Ils s'appellent Spirou, Quaza et Théo. Qu'ils soient trait du Nord, percherons ou bretons, les chevaux de trait reviennent dans les vignes bordelaises depuis cinq ans, après bientôt quarante ans d'absence. Ils étaient réunis le 13 mars au château Le Puy, à Saint-Cibard (Gironde), dans l'AOC Franc-Côtes de Bordeaux, à l'initiative de l'Association pour le retour de la traction animale, avec l'appui de Vini vitis bio.
« Nous cultivons 3 ha avec notre propre cheval », confie Pascal Amoreau, hôte de cette journée.
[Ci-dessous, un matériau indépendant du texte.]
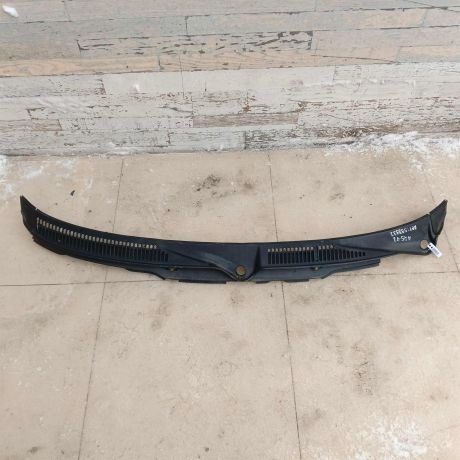 dekorativnaia-nakladka-zabo-dozdevik-vodootvodiashhii-shhitok-audi-100-c4-audi-a6-c4-art-97051-big-0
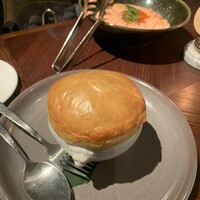 ジンジャーズビーチ - 明太子とウニとイクラのパスタ（奥）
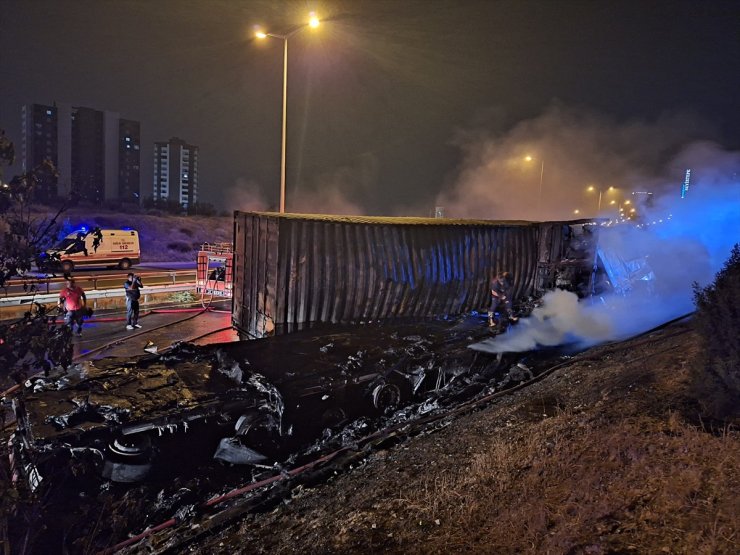 Mersin'de iki tırın çarpıştığı kazada 1 kişi hayatını kaybetti, 1 kişi yaralandı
Le château Le Puy exploite au total 30 ha en biodynamie et connaît une mortalité élevée de ceps due au pourridié. L'idée d'un retour progressif du cheval s'impose à la suite d'analyses de sol qui révèlent une stagnation de l'eau au niveau des racines et un tassement des sols. Mais les domaines travaillant avec leur propre cheval font figure d'exception. La plupart ont recours à un prestataire de services.
Une présence valorisante
Tout a vraiment commencé ici, en Gironde, avec Ramon Garcia. Sans vigne, il se lance en 2009 dans la prestation de travail avec des chevaux. De 2,5 ha la première année, l'activité de sa société Aequitaine couvre deux ans plus tard 32 ha de vignes, qu'elle cultive avec sept équipages. Les châteaux Allary Haut-Brion et Couhins, en AOC Pessac-Léognan, et le château Latour, dans le Médoc, figurent parmi ses clients. La présence d'un cheval dans les vignes valorise l'image d'une propriété, fût-elle déjà renommée.
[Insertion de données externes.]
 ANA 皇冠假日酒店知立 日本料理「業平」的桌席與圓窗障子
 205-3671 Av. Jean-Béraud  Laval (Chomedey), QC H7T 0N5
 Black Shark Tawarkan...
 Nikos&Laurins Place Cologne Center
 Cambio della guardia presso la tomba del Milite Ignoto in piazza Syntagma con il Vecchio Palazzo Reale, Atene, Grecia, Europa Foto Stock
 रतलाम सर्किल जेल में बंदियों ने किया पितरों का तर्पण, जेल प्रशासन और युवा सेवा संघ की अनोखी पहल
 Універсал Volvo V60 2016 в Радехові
La dynamique initiée par Ramon Garcia a fait des émules. C'est après l'avoir rencontré qu'Odile Verrieras et Sébastien Mizier créent Équitraction en 2010. Ils cultivent 7 ha, principalement pour le château Troplong Mondot, premier grand cru classé de Saint-Émilion. Aujourd'hui, seize prestataires de services sont présents en Aquitaine. Ils cultivent entre 150 et 200 ha de vignes, sur un total d'un peu moins de 500 ha travaillés avec des chevaux en France, selon Daniel Pasquet, directeur technique de Vini vitis bio. Une douzaine de prestataires travaillent également avec des chevaux en Bourgogne.
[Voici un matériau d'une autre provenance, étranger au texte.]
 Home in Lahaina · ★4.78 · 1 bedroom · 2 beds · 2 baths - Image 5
Il faut de 70 à 120 heures pour conduire 1 ha de vigne. Dix passages en moyenne sont nécessaires pour réaliser les quatre façons (chaussages/déchaussages) et griffer six fois avec une canadienne. La difficulté tient aux délais d'interventions parfois courts qu'impose la météo sur certains terroirs. « Il arrive alors qu'on se donne un coup de main entre prestataires », remarque Éric Rambour. Car le cheval de trait n'a pas le rendement des chevaux-vapeur.
Spirou, spécialiste du décavaillonnage, marche à 1 km/h. Théo griffe à 3,5 km/h. « Il vaut mieux disposer de deux chevaux pour pouvoir alterner », explique Susana Teixeira, qui travaille avec Éric Rambour. En décavaillonnant 8 heures par jour, le cheval et son meneur peuvent parcourir jusqu'à 25 km. « Il est préférable de limiter à deux fois 3 heures par jour le travail avec une charrue vigneronne et deux fois 1 h 30 par jour celui avec une canadienne, car l'animal montre peu sa fatigue et ne refuse jamais de travailler », observe Odile Verrieras.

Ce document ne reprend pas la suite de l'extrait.